La “dimensione onirica e sospesa di Edward Hopper” ci insegna che nell’attesa di “qualcosa” all’interno di quattro mura si possono ritrovare mondi ricchissimi, anche più di quelli che potremmo distrattamente trovare nell’iperstimolante mondo di “fuori”.


Nei quadri di Hopper sembra che stia sempre per succedere qualcosa, anche quando non succede niente.
Il non detto, l’elemento mancante e l’essere isolati da tutto, amplifica la quotidianità e la sua essenza.


Nei suoi dipinti vi è un’implosione interna, non visibile all’occhio umano ma percepibile dall’inconscio.
Hopper nelle viscere della città, assaporando ciò che si nascondeva nei vicoli dimenticati da Dio, ha trovato ed estrapolato dei messaggi e dei significati profondi.


Anche se i soggetti ritratti erano “solo” un interno di un bar, di una stanza, di una casa, lui ne ha tratto metaforicamente dei luoghi preziosi di introspezione e di ricerca di se stessi.


Ha esaltato la solitudine statica, l’ineluttabilità del tempo che si ripete, giorno dopo giorno, e invade stanze ed esistenze (mai come adesso, non vi sembra familiare questa sensazione?).
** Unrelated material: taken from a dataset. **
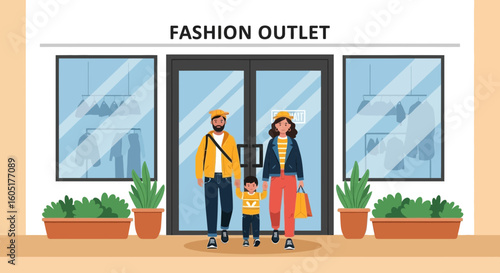 Stylish Family Shopping at Fashion Outlet Store Enjoying Retail Therapy Together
Un pò come Hopper dovremmo rielaborare tutti gli stimoli assorbiti negli ultimi anni e farne tesoro, soprattutto in situazioni come quella che stiamo attualmente vivendo a causa del nuovo Coronavirus, in cui siamo tutti (ma proprio TUTTI) chiamati ad esser confinati nelle nostre case.


Hopper riesce a incastonare un momento e a renderlo importante, anche se sembra banale e scontato, riesce a ricavarne un insegnamento e mi dico che forse, dovremmo farlo anche noi.
Incastoniamo ogni momento, viviamolo intensamente, apprezziamolo e lavoriamo su noi stessi.


Approfittiamo per riscoprirci, ricongiungerci con qualcosa che avevamo dimenticato di volere o di essere, capovolgiamo i punti di vista e abbattiamo i pregiudizi: rendiamo questa “stasi” una sorta di “attesa” di qualcosa che sta per accadere, e cerchiamo di condurre questa attesa verso qualcosa di positivo e di più grande.